The Week in Torts – Cases from the Week of August 19, 2016
FLORIDA LAW WEEKLY
VOLUME 41, NUMBER 33
CASES FROM THE WEEK OF AUGUST 19, 2016
COURT ABUSED DISCRETION IN DENYING INSURER’S MOTION FOR LOST PAST EARNINGS AND LOST FUTURE EARNING CAPACITY WHERE AWARDS WERE PRIMARILY BASED ON THE INSURED’S SPECULATIVE TESTIMONY ABOUT HIS POTENTIAL EARNINGS.
Safeco Insurance Co. v. Fridman, 41 Fla. L. Weekly D1870 (Fla. 5th DCA August 12, 2016):
Plaintiff sued his UM carrier for injuries resulting from an auto accident. At the time, he was 41 years old and unemployed. Prior to the accident, he had been an electronics salesman for several years earning $800-$1,000 per week. He had also operated a retail marble and tile store. At trial he could not recall the exact earnings from the business explaining it was a growing business and he did not remember getting a paycheck.

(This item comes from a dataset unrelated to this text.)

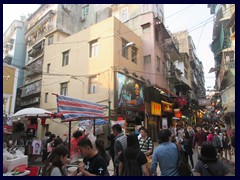 The pedestrian area between Largo do Senado and Ruinas de São Paulo is gritty with a mix of market stands, small shops and restaurants. It is very crowded, mostly with Chinese people. This area looks more Chinese then Portugese.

Shortly after the collision, the plaintiff found a new location to open a wholesale marble and tile business which stayed open for approximately 20 days, during which time he lost money. He testified he closed the business because he could not lift the marble as a result of the injuries suffered in the accident. Plaintiff then went to work in an electronics store, earning a commission of $400-$600 per week, and later at a photoshop, earning $500-$600 per week. Subsequently, he obtained employment at a cash-for-gold store, earning approximately $1,200 per week.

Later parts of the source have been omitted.